I am real close to picking up a Single Six at the local shop. I have an old High Standard Double Nine which has been the only experience that I have had with a pistol. Would I notice much difference with accuracy with a Single Six (I would think so) or should I move on to the next on my list (.357)? My daughter has taken up targets with me which is my the majority of my motivation for the Single Six. Thanks.


----------



## Baldy (Jun 21, 2006)

Get the Single Six and you and your daughter will enjoy it. Accuracy should be great with it. Might be a little different to you at first but its no big deal.


----------



## Snowman (Jan 2, 2007)

One more vote for the Single Six. I have one of the convertable models myself, and even though I don't shoot the 22 magnum often, it's nice to have the capability.
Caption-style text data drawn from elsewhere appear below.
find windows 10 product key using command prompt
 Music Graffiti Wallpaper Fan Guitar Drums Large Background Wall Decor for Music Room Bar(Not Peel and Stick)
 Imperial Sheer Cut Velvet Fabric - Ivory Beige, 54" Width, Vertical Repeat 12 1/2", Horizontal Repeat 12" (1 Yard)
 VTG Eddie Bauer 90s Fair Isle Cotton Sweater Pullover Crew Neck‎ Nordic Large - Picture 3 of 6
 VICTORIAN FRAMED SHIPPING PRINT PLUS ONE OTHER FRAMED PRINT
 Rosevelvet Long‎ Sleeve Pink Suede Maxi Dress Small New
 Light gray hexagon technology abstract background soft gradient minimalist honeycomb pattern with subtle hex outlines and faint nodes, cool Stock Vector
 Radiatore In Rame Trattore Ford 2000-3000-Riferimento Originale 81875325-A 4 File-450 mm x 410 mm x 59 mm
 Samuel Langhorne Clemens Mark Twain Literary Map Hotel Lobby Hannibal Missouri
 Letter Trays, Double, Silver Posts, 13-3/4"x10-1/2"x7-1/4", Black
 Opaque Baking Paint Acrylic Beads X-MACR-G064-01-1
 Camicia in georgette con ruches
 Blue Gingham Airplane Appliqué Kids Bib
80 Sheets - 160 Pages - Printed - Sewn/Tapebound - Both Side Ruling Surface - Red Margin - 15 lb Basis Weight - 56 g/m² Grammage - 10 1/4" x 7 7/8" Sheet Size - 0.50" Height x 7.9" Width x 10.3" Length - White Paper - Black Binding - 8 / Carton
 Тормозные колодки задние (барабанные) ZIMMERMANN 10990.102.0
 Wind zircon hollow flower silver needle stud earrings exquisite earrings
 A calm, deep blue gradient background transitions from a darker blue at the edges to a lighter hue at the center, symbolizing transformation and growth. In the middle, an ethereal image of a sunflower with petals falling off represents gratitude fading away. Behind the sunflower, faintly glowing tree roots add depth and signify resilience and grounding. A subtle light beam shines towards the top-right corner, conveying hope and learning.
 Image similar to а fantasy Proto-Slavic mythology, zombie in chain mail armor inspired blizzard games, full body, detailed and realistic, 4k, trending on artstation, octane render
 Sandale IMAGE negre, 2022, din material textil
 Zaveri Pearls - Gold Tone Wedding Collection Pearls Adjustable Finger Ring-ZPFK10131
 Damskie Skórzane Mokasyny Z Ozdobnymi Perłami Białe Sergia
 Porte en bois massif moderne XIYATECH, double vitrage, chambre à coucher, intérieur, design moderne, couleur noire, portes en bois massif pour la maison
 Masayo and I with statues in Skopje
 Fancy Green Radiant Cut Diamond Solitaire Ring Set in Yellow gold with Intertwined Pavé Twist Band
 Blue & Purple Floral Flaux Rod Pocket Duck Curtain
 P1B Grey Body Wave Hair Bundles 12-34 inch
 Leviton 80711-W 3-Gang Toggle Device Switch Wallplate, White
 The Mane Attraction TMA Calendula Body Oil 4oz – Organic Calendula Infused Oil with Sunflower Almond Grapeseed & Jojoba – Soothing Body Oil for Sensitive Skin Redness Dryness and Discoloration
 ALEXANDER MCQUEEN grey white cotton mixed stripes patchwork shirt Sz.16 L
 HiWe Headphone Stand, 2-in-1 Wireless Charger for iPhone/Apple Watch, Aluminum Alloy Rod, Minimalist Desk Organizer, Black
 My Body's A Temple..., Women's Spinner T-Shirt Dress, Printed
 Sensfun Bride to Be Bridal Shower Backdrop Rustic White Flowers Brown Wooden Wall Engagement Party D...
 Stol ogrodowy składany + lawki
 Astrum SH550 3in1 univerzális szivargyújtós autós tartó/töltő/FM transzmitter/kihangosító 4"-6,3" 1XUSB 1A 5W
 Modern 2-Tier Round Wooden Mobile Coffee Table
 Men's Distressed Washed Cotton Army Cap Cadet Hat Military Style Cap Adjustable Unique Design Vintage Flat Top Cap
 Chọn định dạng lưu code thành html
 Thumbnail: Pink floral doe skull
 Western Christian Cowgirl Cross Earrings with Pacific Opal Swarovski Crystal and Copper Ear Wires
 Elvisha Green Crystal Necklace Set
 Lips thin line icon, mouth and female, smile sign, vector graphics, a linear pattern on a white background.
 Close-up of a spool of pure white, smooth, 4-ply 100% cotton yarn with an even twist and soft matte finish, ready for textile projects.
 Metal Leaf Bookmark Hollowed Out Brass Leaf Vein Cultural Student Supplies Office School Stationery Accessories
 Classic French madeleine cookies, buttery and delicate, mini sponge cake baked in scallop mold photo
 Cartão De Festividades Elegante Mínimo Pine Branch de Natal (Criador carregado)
I also have a GP100 in .357 and it is a fine gun as well. My girlfriend far prefers the Single Six because of the reduced recoil, and I'm betting your daughter will too. Not to mention that you can shoot all day for less than $10.


----------



## John Fox (May 24, 2006)

*Single Six*

Here's another vote for the Single Six. Have mine since 1976 and still enjoy it.


----------



## Bob Wright (May 10, 2006)

The High standard Double Nine was (is) a nine shot revolver with multiple ejecting, if I remember correctly. The Single Six is a dandy revolver, but is a six-shot and rod-ejecting gun. If this is a turn-off, the Ruger might be a disappointment. I'm used to the old style single actions and don't mind the reloading time, but for a long afternoon's shooting a DA revolver or even an autoloader (shudder) might be a better choice.

(You have no idea how hard it was for me to say that.)

Bob Wright


----------



## Baldy (Jun 21, 2006)

*22s Rugers*

Heres pictures of two different types of guns made by the same outfit that are great for starting kids out with. I got four daughters and they all shoot these very well. I am teaching the grandkids with them now. These guns are 28yrs old will be passed on to my grandkids. They still shoot as good as the day they were new.
New Model Ruger .22/.22mag Single Six.








A Ruger Mark I or Standard .22cal.








:smt023 :smt1099 :smt023


----------



## Ruger71 (Jan 15, 2007)

I picked up the Single Six yesterday. I haven't got to shoot yet, but I sure like the looks. I took the rubber grips off this morning and put the wood back on. Hope to take the kids out and burn up some ammo afterwhile.


----------